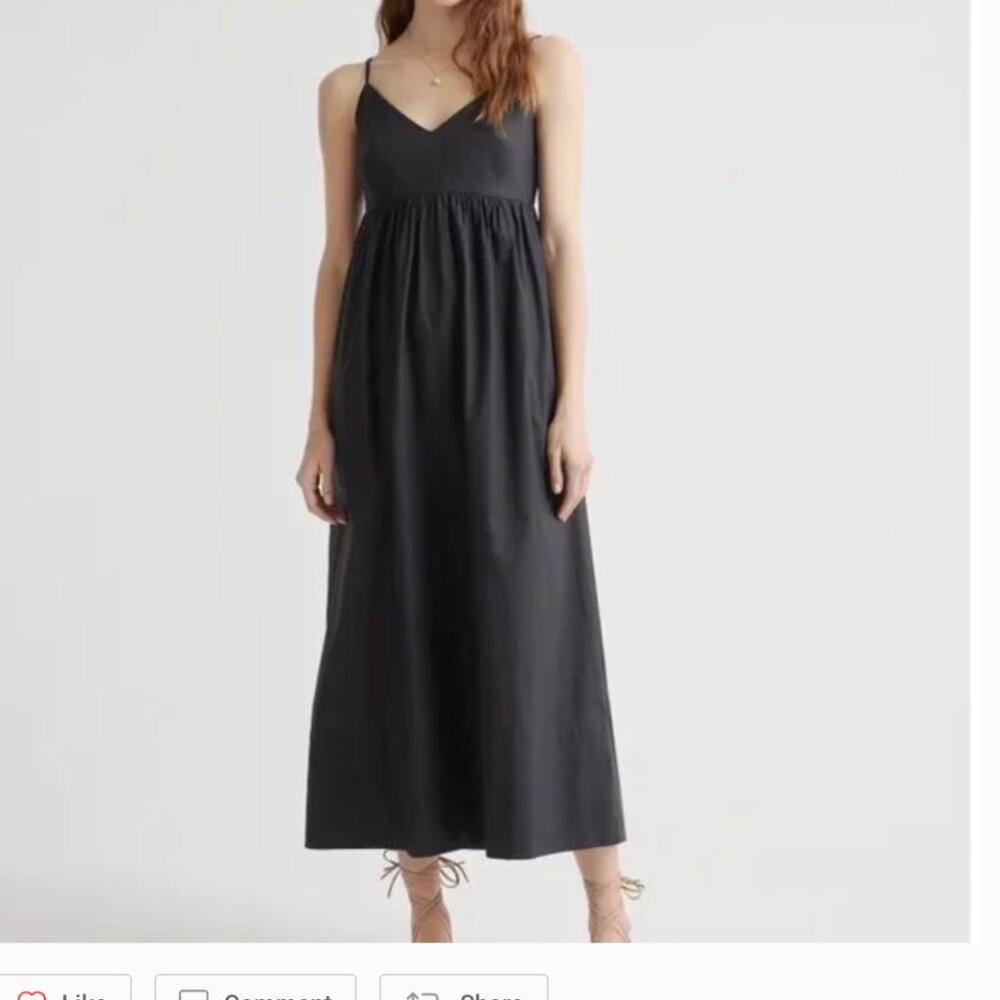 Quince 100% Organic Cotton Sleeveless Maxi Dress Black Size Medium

---

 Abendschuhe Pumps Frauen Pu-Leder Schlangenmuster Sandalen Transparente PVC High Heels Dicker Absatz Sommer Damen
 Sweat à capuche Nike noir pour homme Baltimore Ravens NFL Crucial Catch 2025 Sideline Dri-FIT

==

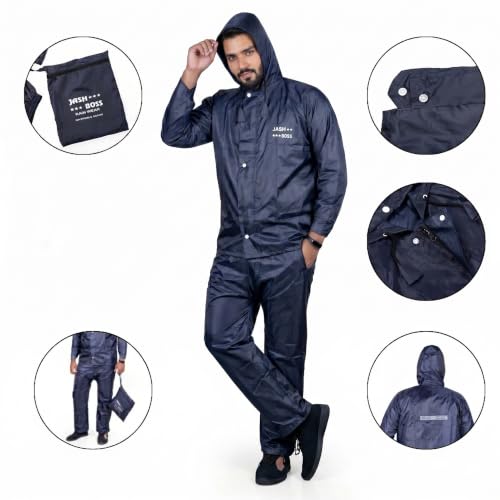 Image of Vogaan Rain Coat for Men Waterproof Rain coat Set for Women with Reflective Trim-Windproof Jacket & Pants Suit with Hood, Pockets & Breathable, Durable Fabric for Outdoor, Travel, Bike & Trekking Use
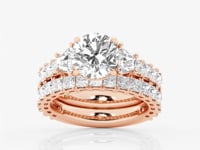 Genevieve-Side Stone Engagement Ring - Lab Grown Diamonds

◆ WORK TASK ◆
Among the records above, a stretch begins at the line containing "Abendschuhe Pumps Frauen" and ends at the line containing "Sweat à capuche". Restate that stretch word for word, and nothing else.

◆ RESPONSE FOR THIS EXERCISE ◆
 Abendschuhe Pumps Frauen Pu-Leder Schlangenmuster Sandalen Transparente PVC High Heels Dicker Absatz Sommer Damen
 Sweat à capuche Nike noir pour homme Baltimore Ravens NFL Crucial Catch 2025 Sideline Dri-FIT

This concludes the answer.